TAMPA — There was Brad Marchand standing all alone to the right of Lightning goalie Andrei Vasilevskiy.
"I messed up on that," Tyler Johnson said. "I should have been on him."
Marchand scored, of course, because it was that kind of game for the Lightning.
Boston's top scoring line did not have many scoring chances, but it made of the most of the ones it had during the Bruins' 6-2 win Saturday in Game 1 of the Eastern Conference semifinals.
"Effective. I think, that's the word," Anton Stralman said.
Marchand, Patrice Bergeron and David Pastrnak combined for 11 points with Bergeron scoring twice and adding an assist, Marchand with a goal and three assists and Pastrnak with four assists.
Lightning coach Jon Cooper said he did not think the Bergeron line had 10 scoring chances, and yet it wrecked the Lightning's chances of holding serve for the home-ice advantage with a Game 1 victory.
"That's hockey," Johnson said. "There's times where you don't really have very much of an opportunity and then you do and score. They have the skill on that top line and we can do that. We have to do a better job, and I know we can do that. It's a challenge playing against them, and I know we can do that."
The Bruins top line, probably the best line in the NHL, produced 228 points during the regular season and 21 in the seven-game, Round 1 series against the Leafs.
The Leafs extended that series to seven games by holding the Bergeron line scoreless in the three games they won.
That is what the line will be charged with. Finding a way to stop the nearly unstoppable.
Cooper had his top defensive line of Ondrej Palat, Brayden Point and Johnson on Bergeron and company. Point was minus-5, Palat was minus-4 and Johnson was minus-3.
"I don't think I can sit here on any one of those goals and point to (Point) on that," Cooper said. "One of (the goals) was a bad change, they got hung out to dry. It was just some tough coverage moments where everything they shot went in, and they were opportunistic. That's how you win games."
Stralman and Ryan McDonagh, the defenseman paired with the Point line, finished minus-4 and minus-3 respectively.
"Obviously," McDonagh said, "that top line was as advertised and took it to us and was the difference for sure."
Bergeron's two goals were the result of being left alone in front of the net. Same with Marchand, who redirected a slap-pass from Charlie McAvoy to give the Bruins a 4-2 just 3:32 into the third period. That was a back-breaker of a goal.
Marchand chased down a loose puck behind the net, fed it in front then lost Johnson skated to the side of the goal, where he waited unchecked for the puck to arrive.
"I think we got a couple of lucky plays," Marchand said. "We didn't have a ton of zone time or anything. We got a couple plays that bounced our way. That ice is horrendous, so sometimes it bounces your way, sometimes it doesn't. We just got a couple lucky ones today."
Luck, maybe. Experience, for sure.
"They've been playing together for a while. They know where to find each other," Cooper said of Bergeron and Marchand. "They play both ends of the rink. They play on Olympic teams, World Cup teams. Every time you look up and Canada is winning, usually Marchand or Bergeron had something to do with it. They're good players."

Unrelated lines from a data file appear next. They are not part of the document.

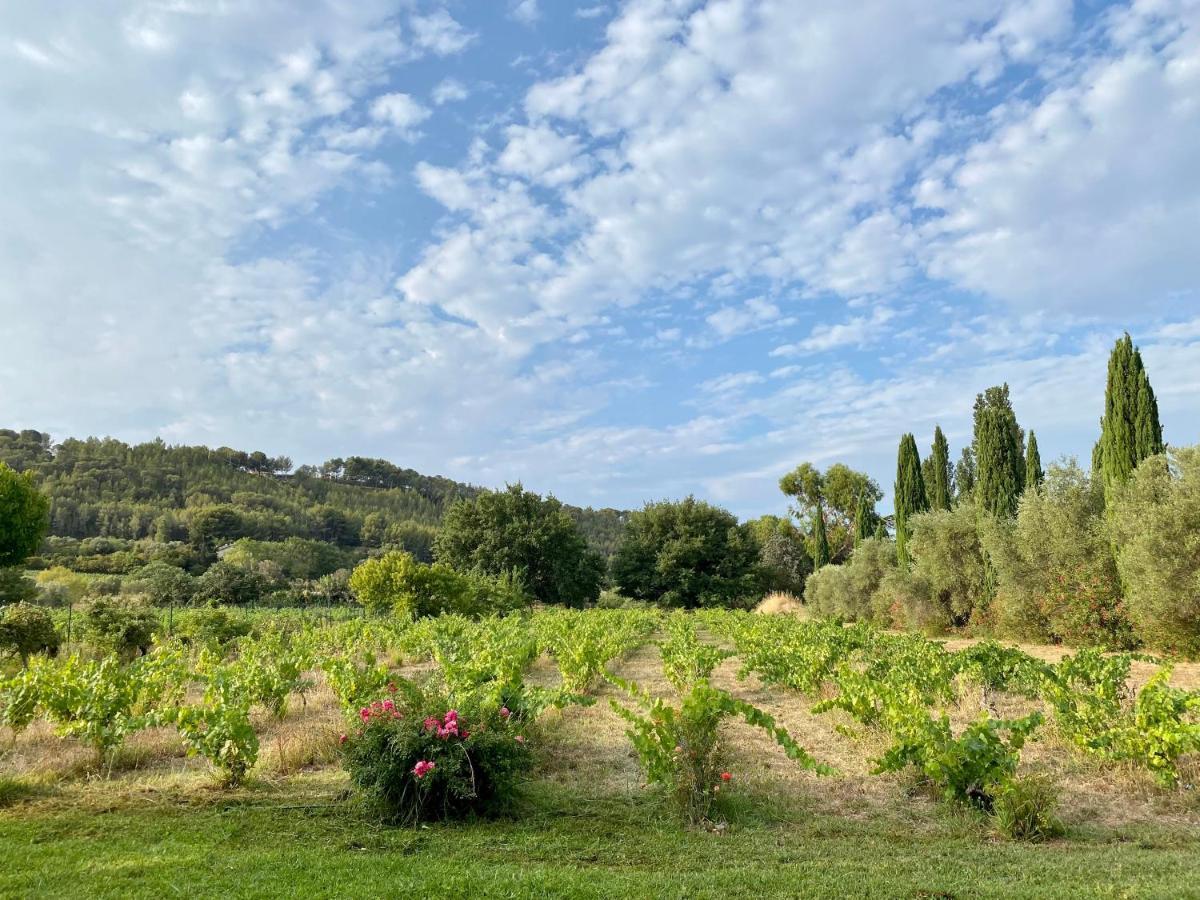 Bed and Breakfast Bastide De Gueissard Saint-Cyr-sur-Mer Exterior foto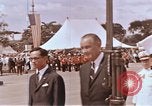 Immagine di Lyndon B Johnson Bangkok in Thailandia, 1966, secondo 62 filmato di repertorio 65675039500
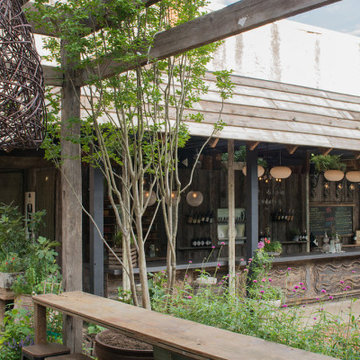 2016 South Street Pop Up Garden - Pennsylvania Horticultural Society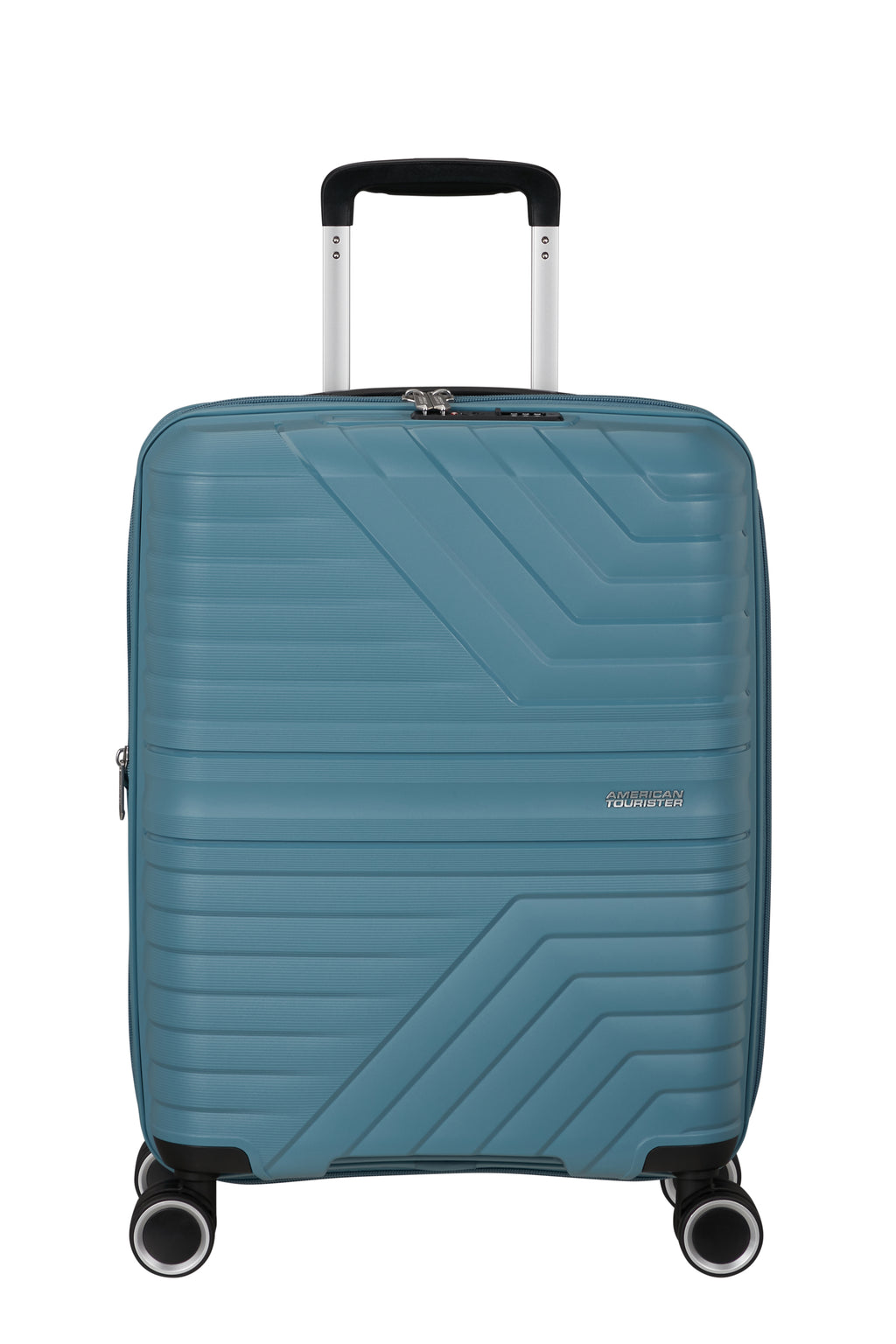 American Tourister FLYTWIST 4w Trolley S erw., Storm Blue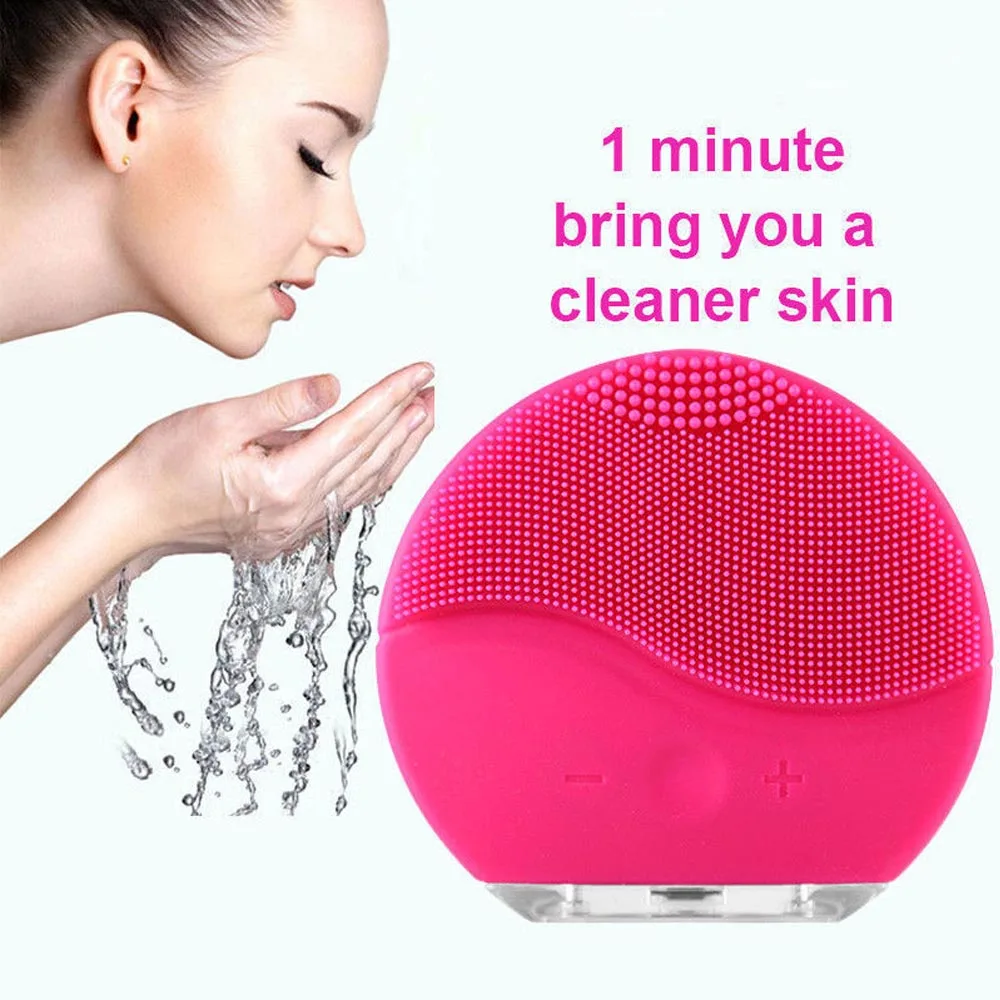 “ Dispositivos de Limpeza Prova d' Água Facial Heyme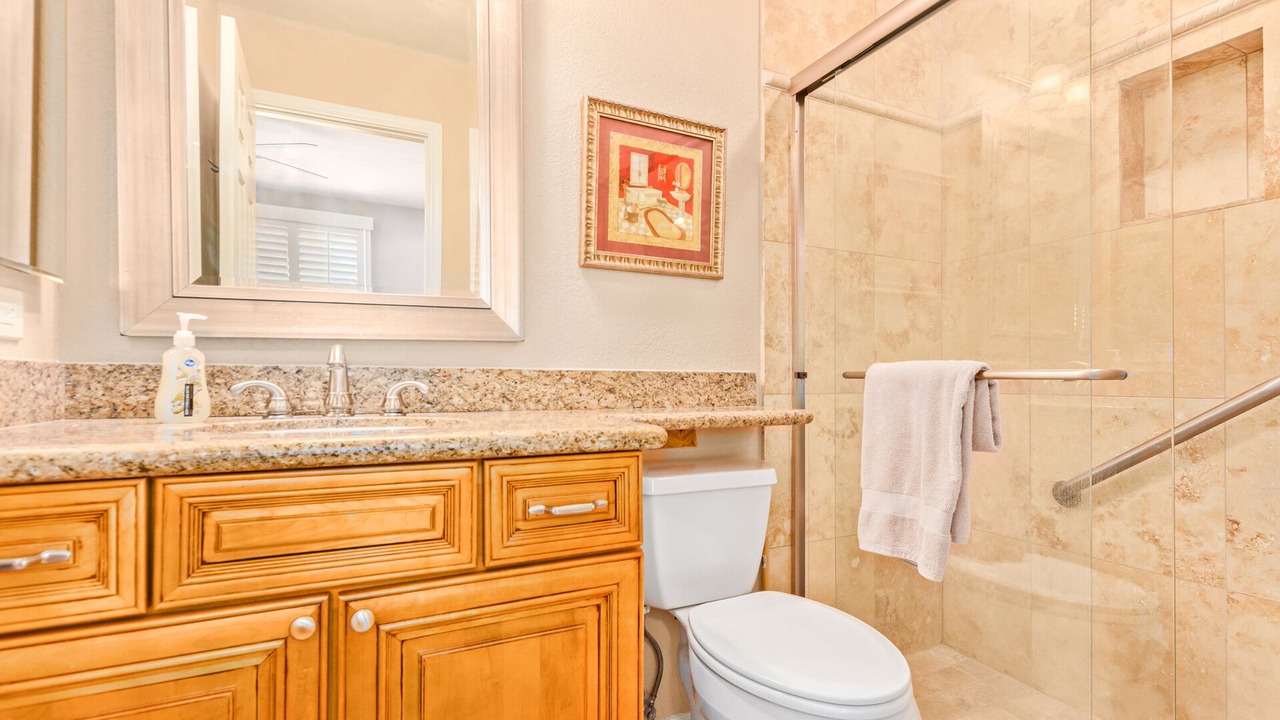 Photo of Bathroom in The Townhomes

The Lightning has to find a way to stop that line Monday in Game 2 or it could be a quick series for the top-seed in the east.
"Who's ever out there against them you can't stress enough how aware you have to be of each and every member of that line and be smarter with your decisions with the puck," Steven Stamkos said. "They compete extremely hard. Those guys are obviously very skilled, but the competition level is very high, as well. Whoever is going to be tasked if we change next game or Pointer's line, you know those guys are going to be a lot better. We have faith in that."